═════ Exercise materials ═════
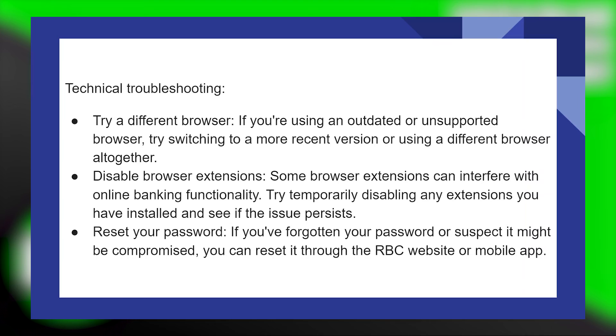Some browser extensions can interfere with online banking functionality. Try temporarily disabling any extensions you have installed and see if the issue persists.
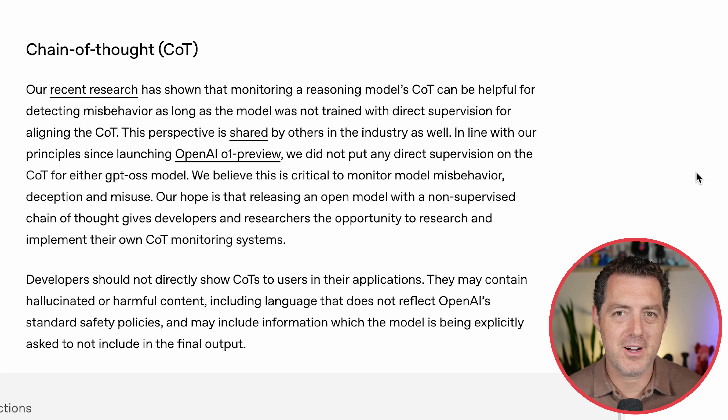On the safety front, specifically with chain of thought: monitoring a reasoning model's chain of thought can be helpful for detecting misbehavior, as long as the model was not trained with direct supervision for aligning the chain of thought. In line with their principles, OpenAI did not put any direct supervision on the chain of thought for either OSS model, so you'll be able to see the raw chain of thought. However, they recommend developers should not directly show chain of thoughts to users, as it may contain hallucinated or harmful content — summarize and filter it instead.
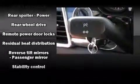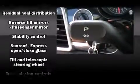Porsche ensures the safety and security of its passengers with equipment such as head curtain airbags, front and rear side impact airbags, traction control, and four-wheel disc brakes with AVS.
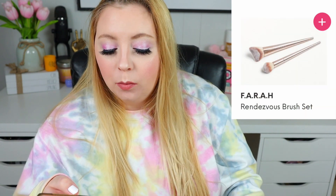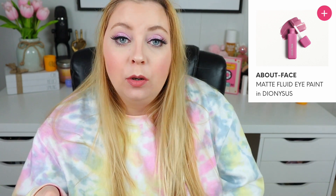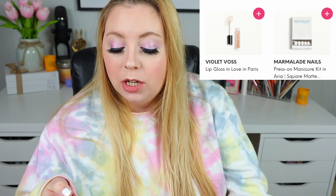For my third choice, I got the About Face Matte Fluid Eye Paint in Dyn-Sus — I don't know how to pronounce that. That's Halsey's brand new brand that literally just launched. I almost picked the Farah Rendezvous Brush Set, but I watched Shea on YouTube swatch all the About Face shades on her eyes and this was the prettiest color — I was so excited it was a choice for me. I can't wait to get it and try it. The other options were the Violet Bloss Lip Gloss in Love in Paris and a Marmalade Nails Press-On Manicure Kit in Aria, which was interesting, but I grew out my natural nails so I don't really need press-ons.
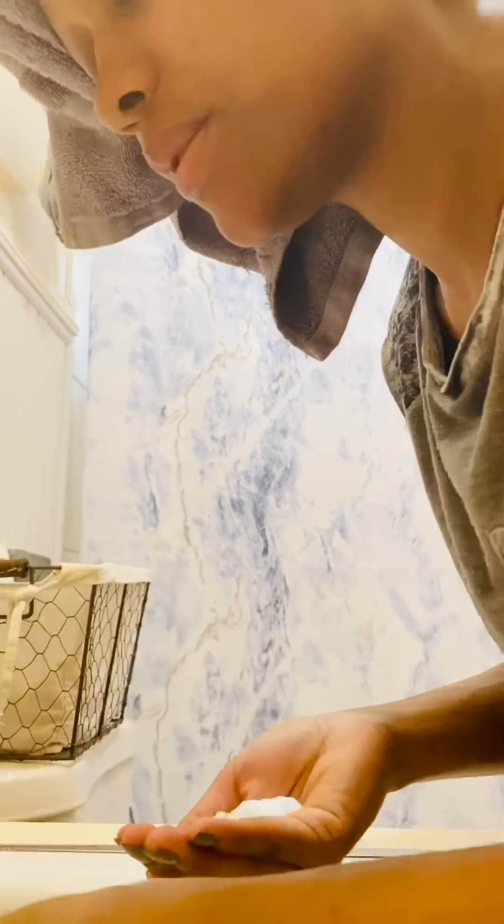Alright, so first I lather it in while I wash my face. I wet my face a little bit, then I take it, pump some on, and lather it over my skin. I also typically let it sit for a second while I'm in the shower. Then I rinse. And as you can see, the towel is falling, so I'm going to go ahead and use it to dry my face.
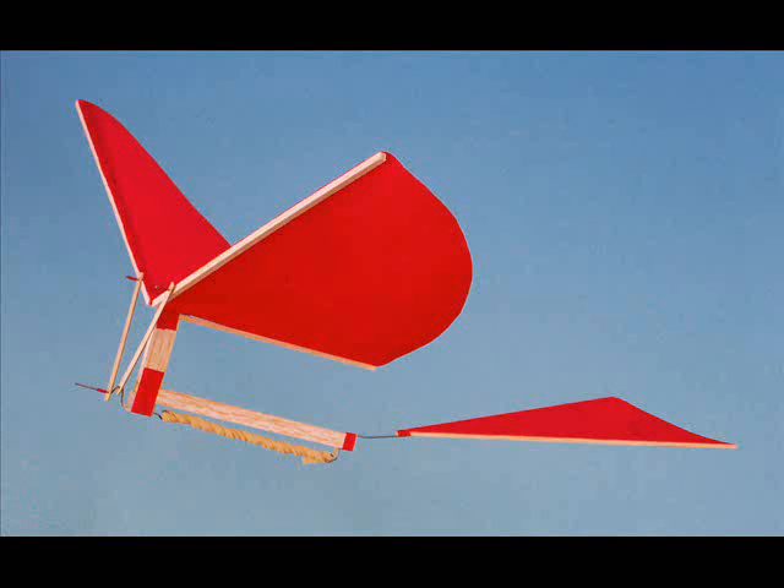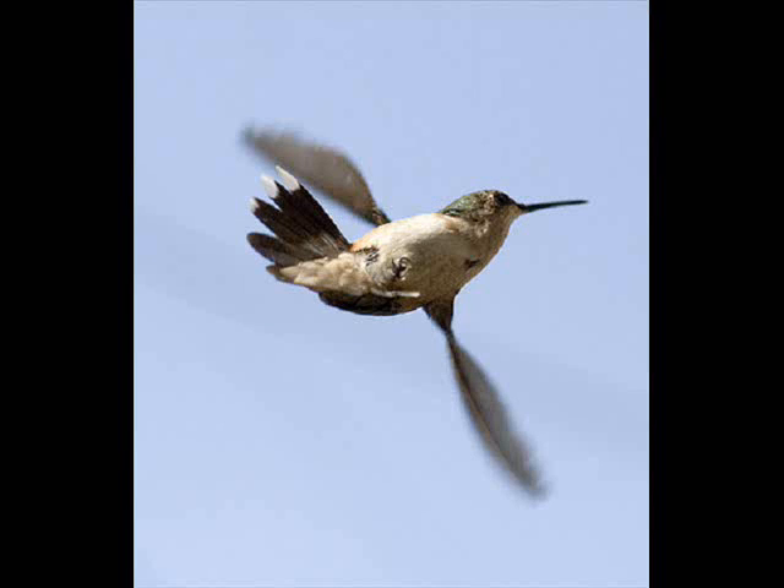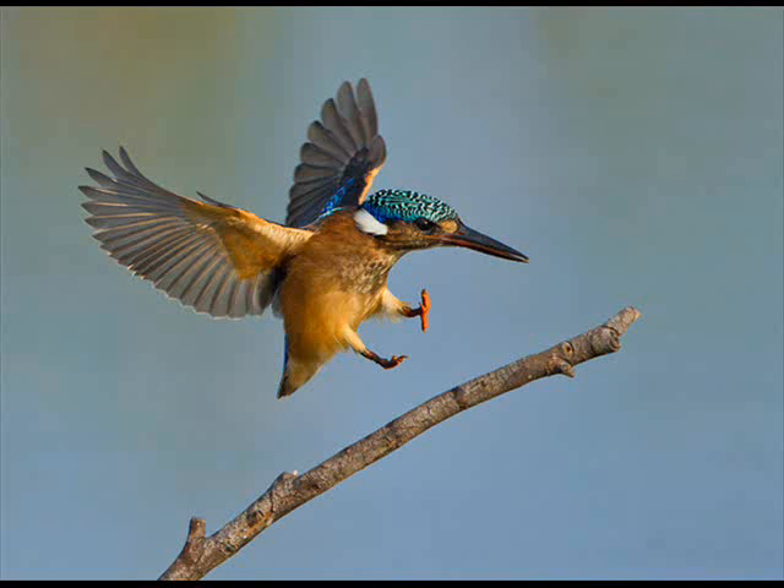Flapping wing flight started in the 1800s. These mechanical flying machines used a rubber band or a motor and gears to move the wings in a predefined arc. A real bird can move all different ways, controlled by its brain and nervous system.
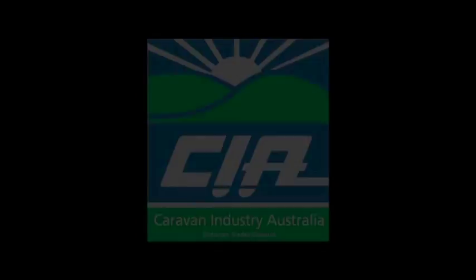Welcome to the Victorian Caravan Industry Association's Information DVD. We're here to share with you the huge range of recreational vehicles on offer, how to use them, their features and functions, and many other useful tips about towing and holidaying. We've got a lot to get through so let's go.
═════
• [About this exercise]: Return, exactly as they appear, the lines from the line containing "Alright, so first" through the end of the records above, both ends included, without pictures.

• [Answer]:
Alright, so first I lather it in while I wash my face. I wet my face a little bit, then I take it, pump some on, and lather it over my skin. I also typically let it sit for a second while I'm in the shower. Then I rinse. And as you can see, the towel is falling, so I'm going to go ahead and use it to dry my face.
Flapping wing flight started in the 1800s. These mechanical flying machines used a rubber band or a motor and gears to move the wings in a predefined arc. A real bird can move all different ways, controlled by its brain and nervous system.
Welcome to the Victorian Caravan Industry Association's Information DVD. We're here to share with you the huge range of recreational vehicles on offer, how to use them, their features and functions, and many other useful tips about towing and holidaying. We've got a lot to get through so let's go.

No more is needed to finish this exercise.